Il logo degli Oakland Oaks tra il 1967 e il 1969

Il logo degli Oakland Oaks tra il 1967 e il 1969

In questo appuntamento la nostra attenzione si focalizza su un team che ha militato per tutti i 9 anni nella lega tra successi, disfatte e tanti problemi economici con un unico comune denominatore, la capacità di individuare nuovi talenti. La storia inizia nel febbraio del 1967 quando Pat Boone, famoso cantante e attore del periodo decise di fondare gli Oakland Americans, nome ben presto modificato in Oaks prendendo spunto da una vecchia squadra di baseball locale. La franchigia si insediò nella baia sfidando apertamente i San Francisco Warriors perché propose un ingaggio a Rick Barry, giocatore a libro paga degli Warriors e reduce ad appena 22 anni dalla migliore stagione in carriera a 35.6 punti segnati di media in NBA: un’ala tra le più produttive che abbiano mai calcato un parquet, un ottimo tiratore con tanti movimenti offensivi nel suo repertorio, eccellente anche in costruzione di gioco vista la superba visione e le doti di passatore, ma sopratutto un giocatore mentalmente duro, un combattente sempre competitivo. Barry tentennò visto il contratto a tanti zero proposto, in aggiunta al 15% della proprietà della franchigia, mentre gli Warriors dal canto loro non pareggiarono l’offerta e quando Bruce Hale, suocero di Barry e suo ex allenatore all’University of Miami, fu preso come coach degli Oaks, Rick non ebbe più ripensamenti ed accettò l’offerta.
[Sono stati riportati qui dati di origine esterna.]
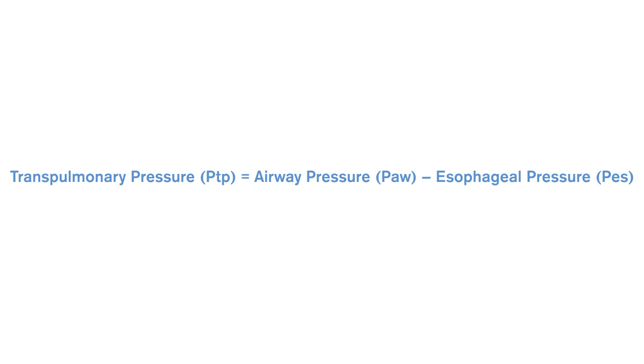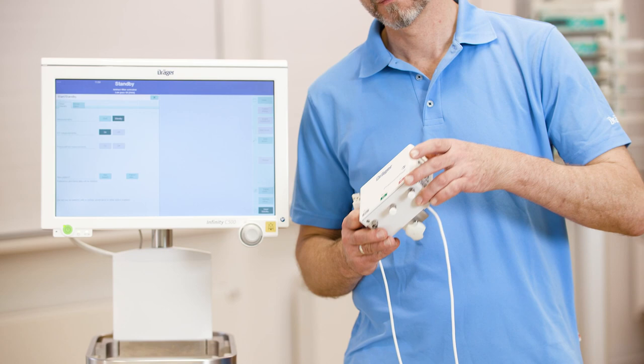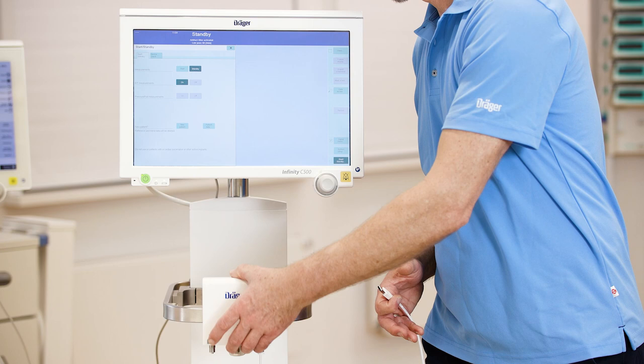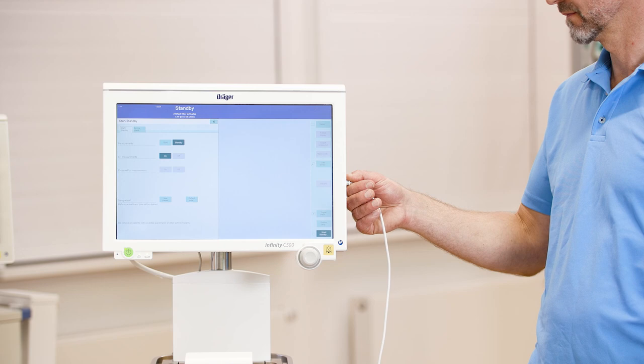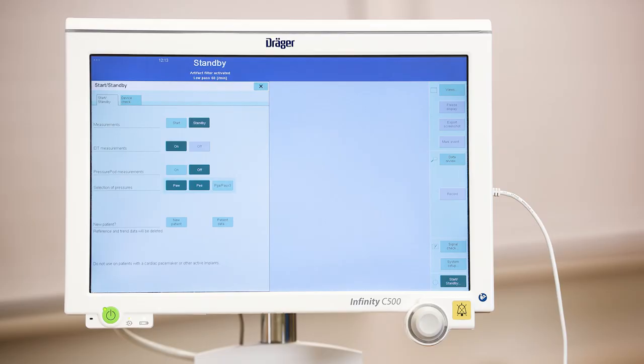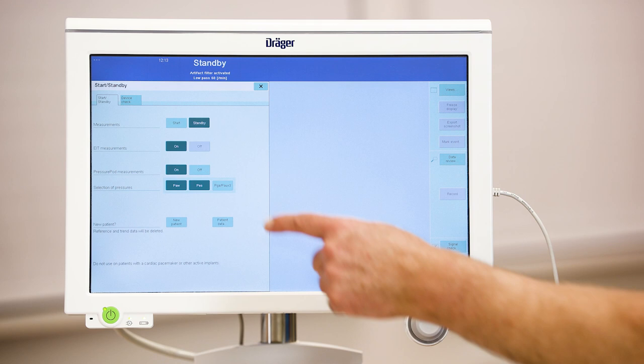With the Draeger pressure pot, a plug-and-play device, these pressures can conveniently be measured. First, simply connect it to a Pumovista via USB. To avoid technical misreading, already start the pressure measurements on Pumovista while the pressure ports are still open.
Gli Warriors immediatamente portarono la vicenda in tribunale e la corte della California stabilì che San Francisco deteneva i diritti su Barry almeno per la stagione in corso.

Rick Barry in una delle ultime apparizioni in maglia San Francisco Warriors prima di trasferirsi agli Oaks.

Rick Barry in una delle ultime apparizioni in maglia San Francisco Warriors prima di trasferirsi agli Oaks.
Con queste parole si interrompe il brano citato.